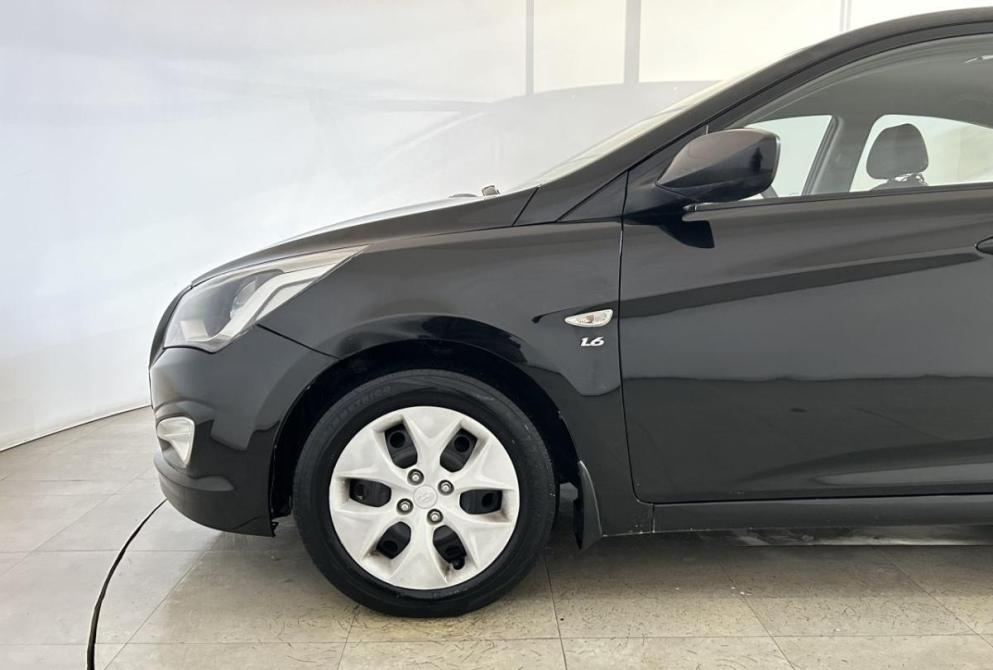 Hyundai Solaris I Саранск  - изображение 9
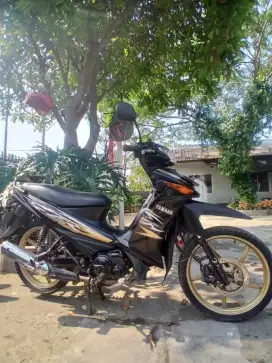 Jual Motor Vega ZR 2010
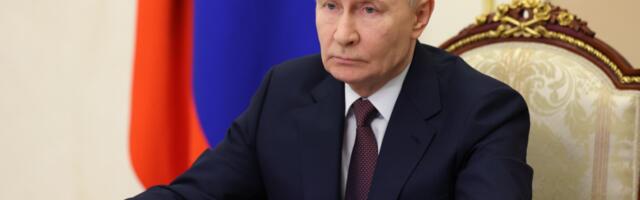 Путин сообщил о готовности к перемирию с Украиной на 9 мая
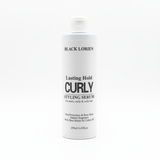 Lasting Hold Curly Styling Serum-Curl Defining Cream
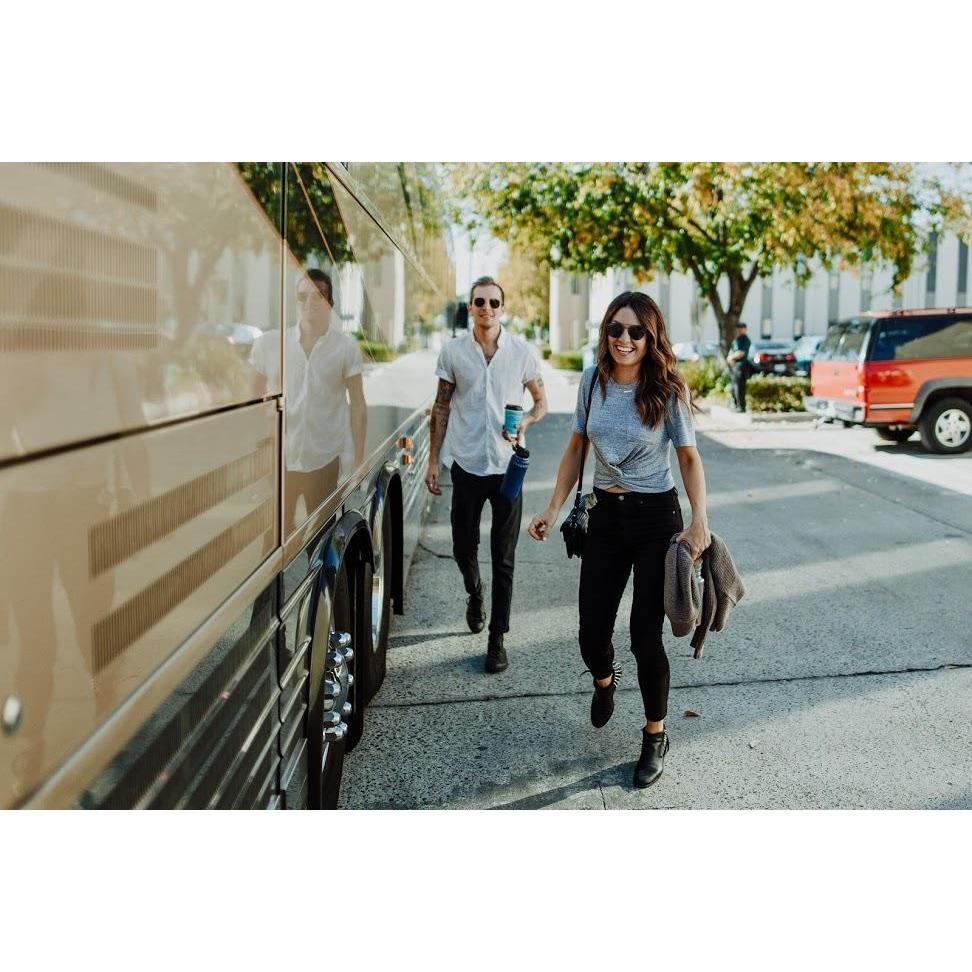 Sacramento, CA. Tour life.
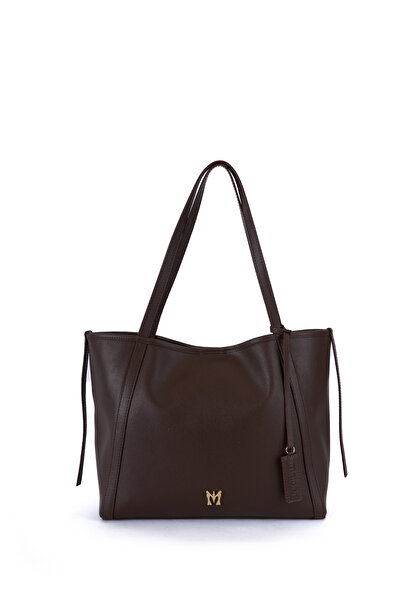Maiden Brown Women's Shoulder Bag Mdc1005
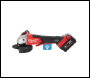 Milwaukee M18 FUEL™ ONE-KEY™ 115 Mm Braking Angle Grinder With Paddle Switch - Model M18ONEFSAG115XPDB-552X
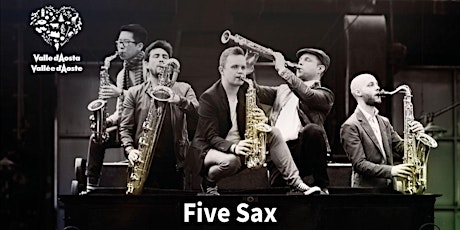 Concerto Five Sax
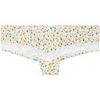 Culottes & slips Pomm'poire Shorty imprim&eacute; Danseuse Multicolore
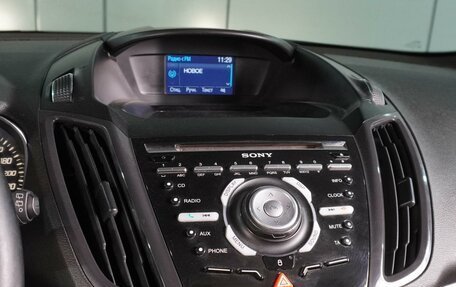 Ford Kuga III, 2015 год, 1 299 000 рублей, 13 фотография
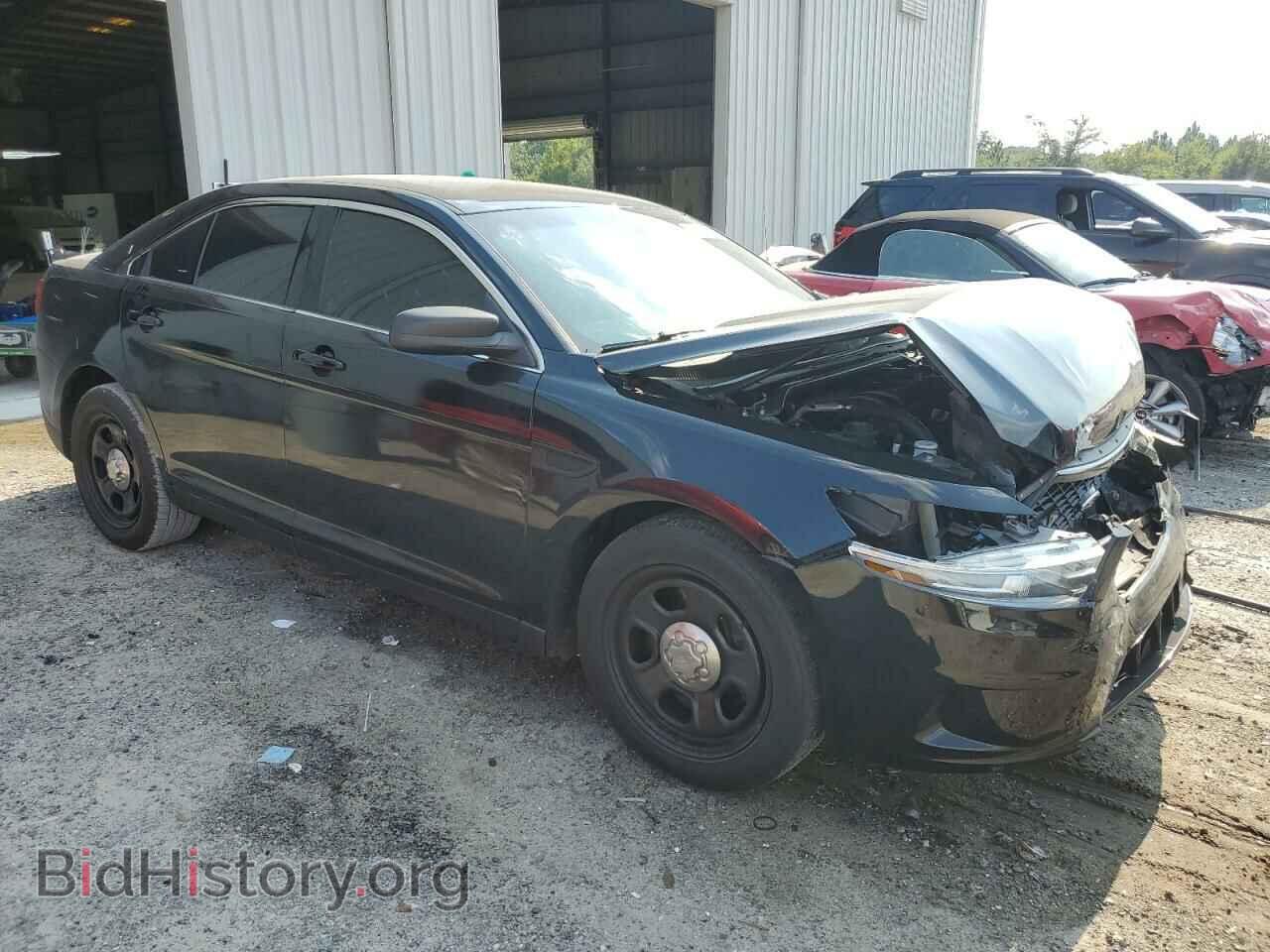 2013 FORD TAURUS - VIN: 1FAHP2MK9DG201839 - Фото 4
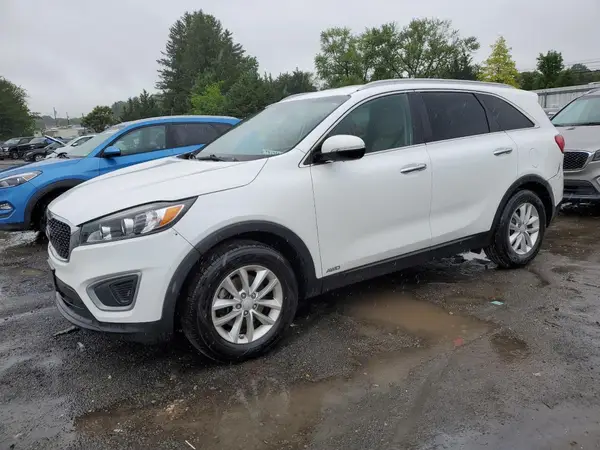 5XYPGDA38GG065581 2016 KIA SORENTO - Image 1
--*--
> _Instructions for the task_
The required output is an exact copy of the lines from the start of the material above through the line containing "Culottes & slips", inclusive, with no pictures in it.

> _Task response_
 Hyundai Solaris I Саранск  - изображение 9
 Jual Motor Vega ZR 2010
 Путин сообщил о готовности к перемирию с Украиной на 9 мая
 Lasting Hold Curly Styling Serum-Curl Defining Cream
 Sacramento, CA. Tour life.
Maiden Brown Women's Shoulder Bag Mdc1005
 Milwaukee M18 FUEL™ ONE-KEY™ 115 Mm Braking Angle Grinder With Paddle Switch - Model M18ONEFSAG115XPDB-552X
 Concerto Five Sax
 Culottes & slips Pomm'poire Shorty imprim&eacute; Danseuse Multicolore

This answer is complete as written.